If the connection is dropped,
or a connection attempt is unsuccessful,
the Oracle should retry with a delay.

### Connection failures - handling by Manager

If the connection fails (or the protocol is violated)
after `go-ahead` and before the outcome,
the job is treated as irrecoverable.

To Manager always does an `ayt` check
immediately before issuing a job,
to minimise the opportunity for jobs to be lost
simply because of a broken connection.

(The rest of the time the Manager doesn't care about connection failure.)

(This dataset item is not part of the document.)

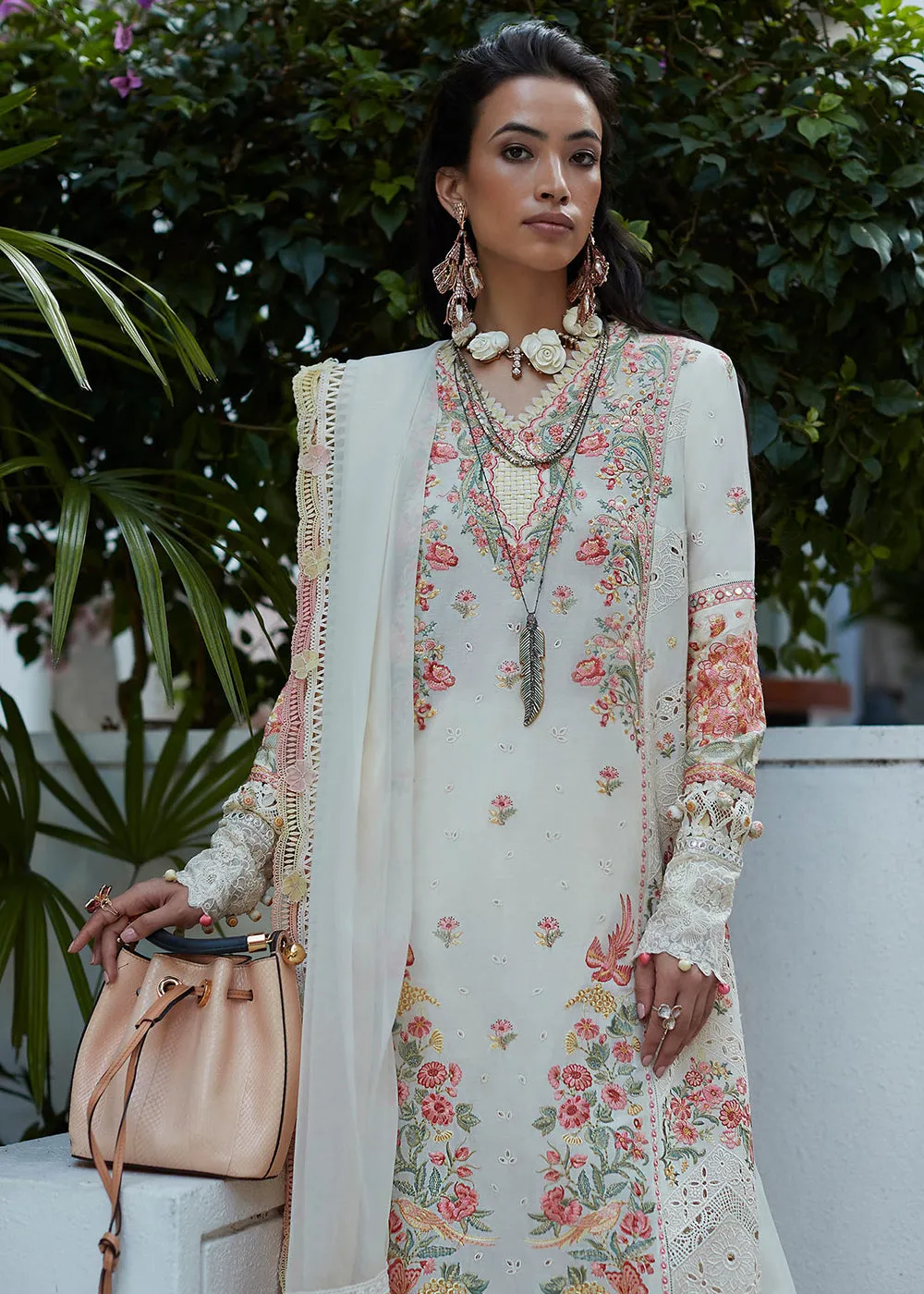 Cream Lawn Suit - Elan - Luxury Lawn '23 - NYSA-EL23-02B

### Error recovery and retrying jobs

Jobs can be retried when:

 * The Manager fails to access the forge in a way that looks retriable
   (eg 500 errors from HTTP).
 * The Oracle disconnects, or reports `retriable`, before `go-ahead`
   (without `job ... last-attempt ...`).

The retry and backoff implementation (including policy configuration)
is the responsibility of the Manager.
The Oracle never performs any retries or backoff itself;
its only responsibilities with regard to this section of the specification
is to report whether a failure is retriable.

The retry schedule is controlled by the `retry`
configuration of `tag2upload-service-manager`.
See the Rustdoc for `tag2upload_service_manager::config::Retry`
for the configuration, and a working through of the implications.